● **Exercise description**
Where in the data below does the word "looking" appear? Copy each line that holds it.

(Crawled caption data)
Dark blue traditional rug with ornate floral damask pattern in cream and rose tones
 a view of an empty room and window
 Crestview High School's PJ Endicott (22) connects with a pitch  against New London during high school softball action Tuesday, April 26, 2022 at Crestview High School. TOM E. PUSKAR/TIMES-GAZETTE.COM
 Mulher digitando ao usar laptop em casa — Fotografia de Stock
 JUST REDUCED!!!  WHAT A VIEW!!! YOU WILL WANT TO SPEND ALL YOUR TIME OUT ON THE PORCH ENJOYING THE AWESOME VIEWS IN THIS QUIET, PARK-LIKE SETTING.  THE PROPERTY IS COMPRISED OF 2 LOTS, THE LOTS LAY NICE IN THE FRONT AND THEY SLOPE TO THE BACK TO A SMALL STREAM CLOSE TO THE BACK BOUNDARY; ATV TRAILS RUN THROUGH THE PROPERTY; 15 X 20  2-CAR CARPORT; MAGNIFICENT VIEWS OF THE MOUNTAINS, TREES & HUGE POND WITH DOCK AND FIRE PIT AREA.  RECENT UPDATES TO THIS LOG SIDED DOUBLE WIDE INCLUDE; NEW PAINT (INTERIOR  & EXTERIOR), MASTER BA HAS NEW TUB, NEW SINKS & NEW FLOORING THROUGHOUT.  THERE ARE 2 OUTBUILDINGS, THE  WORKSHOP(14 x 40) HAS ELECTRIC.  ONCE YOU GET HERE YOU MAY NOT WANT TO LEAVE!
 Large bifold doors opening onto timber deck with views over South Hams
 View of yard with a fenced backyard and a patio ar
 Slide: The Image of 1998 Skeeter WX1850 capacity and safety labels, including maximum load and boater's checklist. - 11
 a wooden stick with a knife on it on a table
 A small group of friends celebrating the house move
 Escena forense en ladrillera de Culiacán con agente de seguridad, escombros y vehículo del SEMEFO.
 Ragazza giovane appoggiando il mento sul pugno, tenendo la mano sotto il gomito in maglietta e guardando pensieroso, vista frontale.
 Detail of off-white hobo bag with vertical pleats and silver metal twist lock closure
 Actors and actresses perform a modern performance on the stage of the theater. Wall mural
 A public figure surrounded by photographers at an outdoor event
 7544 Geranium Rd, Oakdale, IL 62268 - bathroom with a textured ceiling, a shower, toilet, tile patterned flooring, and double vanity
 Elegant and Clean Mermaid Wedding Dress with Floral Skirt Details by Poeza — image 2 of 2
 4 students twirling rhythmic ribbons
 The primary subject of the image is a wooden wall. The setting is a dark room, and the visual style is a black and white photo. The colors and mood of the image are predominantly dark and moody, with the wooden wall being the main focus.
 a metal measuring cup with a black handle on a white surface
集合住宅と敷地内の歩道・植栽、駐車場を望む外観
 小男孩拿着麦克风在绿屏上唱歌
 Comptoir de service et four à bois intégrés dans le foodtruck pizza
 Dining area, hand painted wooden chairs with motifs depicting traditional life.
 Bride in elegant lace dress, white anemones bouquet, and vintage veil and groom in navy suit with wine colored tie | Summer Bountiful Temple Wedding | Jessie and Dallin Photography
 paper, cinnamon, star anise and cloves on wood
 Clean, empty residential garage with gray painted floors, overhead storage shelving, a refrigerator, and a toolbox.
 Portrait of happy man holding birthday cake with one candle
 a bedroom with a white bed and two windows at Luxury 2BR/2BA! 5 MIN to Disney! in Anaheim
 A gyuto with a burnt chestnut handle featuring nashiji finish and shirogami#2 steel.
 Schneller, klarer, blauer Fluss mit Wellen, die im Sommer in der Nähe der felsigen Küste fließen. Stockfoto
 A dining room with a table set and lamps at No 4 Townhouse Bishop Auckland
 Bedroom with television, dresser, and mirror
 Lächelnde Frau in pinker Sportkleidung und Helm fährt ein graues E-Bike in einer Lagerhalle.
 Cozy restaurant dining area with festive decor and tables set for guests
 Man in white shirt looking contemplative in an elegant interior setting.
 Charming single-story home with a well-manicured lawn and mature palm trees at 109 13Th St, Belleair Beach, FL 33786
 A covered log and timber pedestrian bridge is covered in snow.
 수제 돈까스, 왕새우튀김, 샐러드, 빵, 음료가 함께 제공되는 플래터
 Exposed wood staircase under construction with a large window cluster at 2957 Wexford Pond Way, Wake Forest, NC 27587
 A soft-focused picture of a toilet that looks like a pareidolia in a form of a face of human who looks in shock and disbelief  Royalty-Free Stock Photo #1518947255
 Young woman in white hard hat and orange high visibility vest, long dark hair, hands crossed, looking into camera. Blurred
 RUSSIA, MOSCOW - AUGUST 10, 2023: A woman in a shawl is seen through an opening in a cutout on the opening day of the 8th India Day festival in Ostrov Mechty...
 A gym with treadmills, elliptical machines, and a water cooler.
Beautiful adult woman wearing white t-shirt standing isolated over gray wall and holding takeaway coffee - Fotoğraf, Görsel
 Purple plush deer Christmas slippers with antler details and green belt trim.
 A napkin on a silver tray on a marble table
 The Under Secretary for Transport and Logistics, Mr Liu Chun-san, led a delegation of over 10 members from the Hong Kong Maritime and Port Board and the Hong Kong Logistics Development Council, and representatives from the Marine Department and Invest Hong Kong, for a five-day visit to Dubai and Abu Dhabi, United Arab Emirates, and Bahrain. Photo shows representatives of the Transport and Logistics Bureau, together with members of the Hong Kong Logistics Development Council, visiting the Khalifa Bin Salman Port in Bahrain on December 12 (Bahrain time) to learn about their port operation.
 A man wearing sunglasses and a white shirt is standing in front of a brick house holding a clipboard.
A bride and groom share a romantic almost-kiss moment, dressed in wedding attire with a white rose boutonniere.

● **Response below**
 Man in white shirt looking contemplative in an elegant interior setting.
 Young woman in white hard hat and orange high visibility vest, long dark hair, hands crossed, looking into camera. Blurred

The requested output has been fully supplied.